High-dimensional efficiency. In order to improve the efficiency of the algorithm in the high-dimensional space, the nonlinear mapping to the high-dimensional space can be replaced by the kernel function in the SVM training process [39]. Simple calculation. Compared with some traditional classification methods, SVM does not use the law of large numbers, probability measure and other more complex operation theorems, which greatly simplifies the calculation process. Avoid dimensional disasters. The determinant of SVM training results is the global support vector, which is a small proportion of the sample dataset. Specifically, the spatial dimension of the dataset does not play a decisive role in the computational complexity of the algorithm. Only the size of the support vector set affects the complexity of the algorithm, which avoids the “dimension disaster” caused by too many dimensions.
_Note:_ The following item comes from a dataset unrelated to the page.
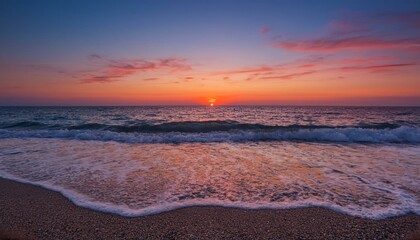 Fototapeta premium Waves on the beach at red sunset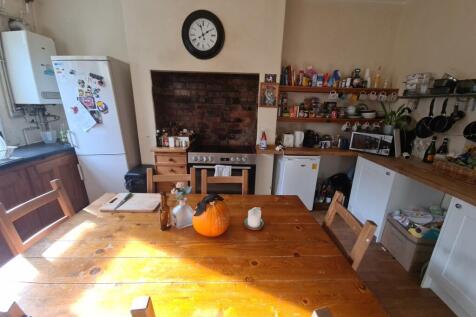 A bright and inviting kitchen with ample worksp...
Whereas, SVM has several disadvantages.
SVM is difficult to implement for large-scale training samples. This is because the SVM algorithm uses quadratic programming to obtain the support vectors, which involves the calculation of m-exponent matrix. Thus it will consume a lot of machine memory and operation time when the matrix exponent is large [9, 43]. The general SVM algorithms have a bad performance on multi-class classification [44, 45]. But there are several specified SVM algorithms support muli-class classification with specified methods, such as LibSVM. The effect of SVM algorithm has a great relationship with the selection of kernel function, so it is often necessary to try a variety of kernel functions. Even if the Gaussian kernel function with better effect is selected, the appropriate
Spark
Spark is a general big data computing platform developed by UC Berkeley AMP Lab. And Spark is implemented by scala functional programming language, and provides APIs of Java, Python and other languages for developing applications [46, 47]. Spark is fully compatible with Hadoop’s original ecosystem, and uses HDFS as a distributed storage system. Meanwhile, Spark’s memory-based computing model overcomes the shortcomings of Hadoop MapReduce in iterative computation and interactive data analysis. Spark puts the computational intermediate data in memory instead of disk, which has high efficiency of iterative operation. Moreover, Spark supports distributed parallel computing of DAG graph, which reduces the landing of data in the iterative process and improves the processing efficiency. The architecture of Spark is shown in Fig. 2, which mainly consists of four components: Cluster Manager, Worker Node, Driver and Executor [48].
Cluster Manager: The master node in standalone mode and the resource manager in YARN mode. Worker node: The worker node is a slave node in Standalone mode and a NodeManager in YARN mode. Driver: Running the main function of Application. Executor: A process runs on a worker node for an Application.
Spark architecture.
The Resilient Distributed Dataset (RDD) is the core of Spark’s data storage [49]. It allows efficient sharing of data in iterative computation. In addition, RDD is an essential metadata structure that provides a highly limited memory model. It records a set of read-only partition records and their logical structural mapping relationships. In Spark programming model, RDD is represented as an object, and is classified into two types, namely, transformations and actions. Transformations are inert operators, which generates new RDD after execution. Therefore, RDDs form an interdependent relationship with each other. In addition, action is the operator that actually triggers the execution of the program. It returns the public value type to the Driver program or exports the data to an external storage system.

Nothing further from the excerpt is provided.